• **SOURCE DATA**:
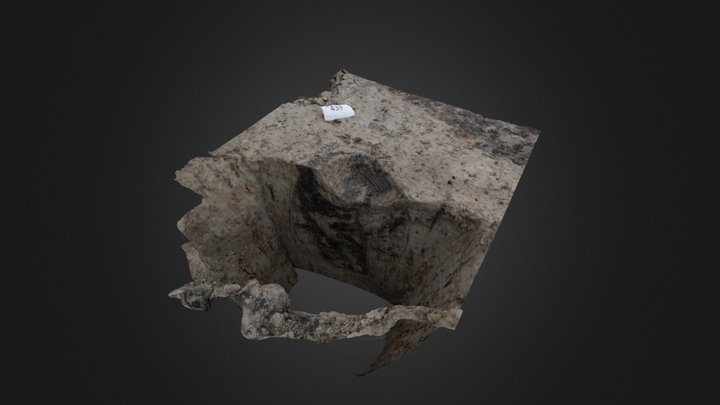 N23 Bronstijd paalkuil met hondenpoot (HD) 3D Model
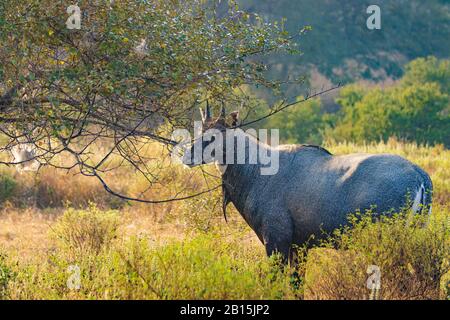 Nilgai oder Blue Bull ist die größte asiatische Antilopen und ist endemisch auf dem indischen Subkontinent. Das einzige Mitglied der Gattung Boselaphus. Ranthambore Nati Stockfoto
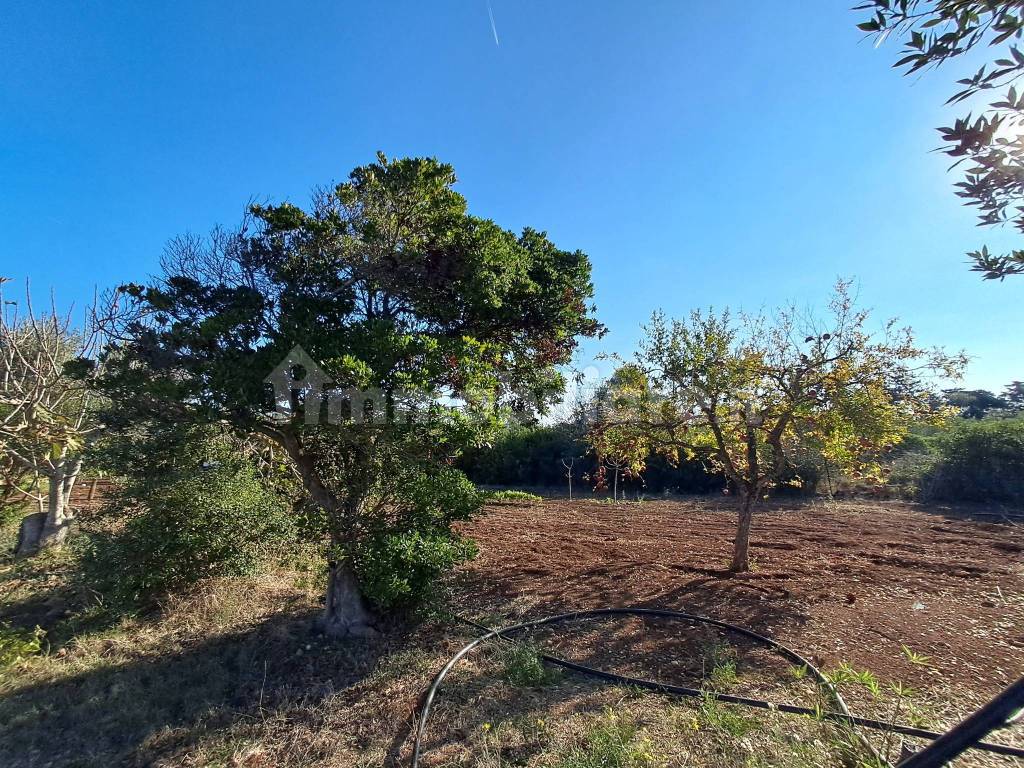 Terreno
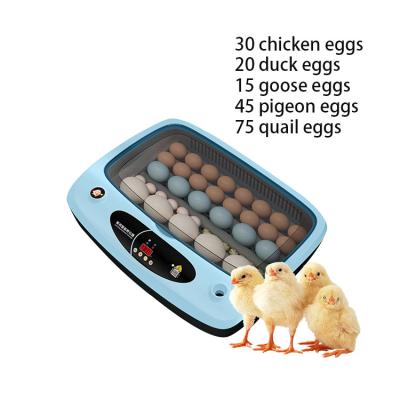 China High Hatching Rate New Design Professional Cheap Digital Intelligent Automatic Egg Incubator Fully Automatic Egg Incubator For Sale for sale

• **PROBLEM TO SOLVE**: Give the listing again word for word. Skip every image.

• **THE ANSWER**:
 N23 Bronstijd paalkuil met hondenpoot (HD) 3D Model
 Nilgai oder Blue Bull ist die größte asiatische Antilopen und ist endemisch auf dem indischen Subkontinent. Das einzige Mitglied der Gattung Boselaphus. Ranthambore Nati Stockfoto
 Terreno
 China High Hatching Rate New Design Professional Cheap Digital Intelligent Automatic Egg Incubator Fully Automatic Egg Incubator For Sale for sale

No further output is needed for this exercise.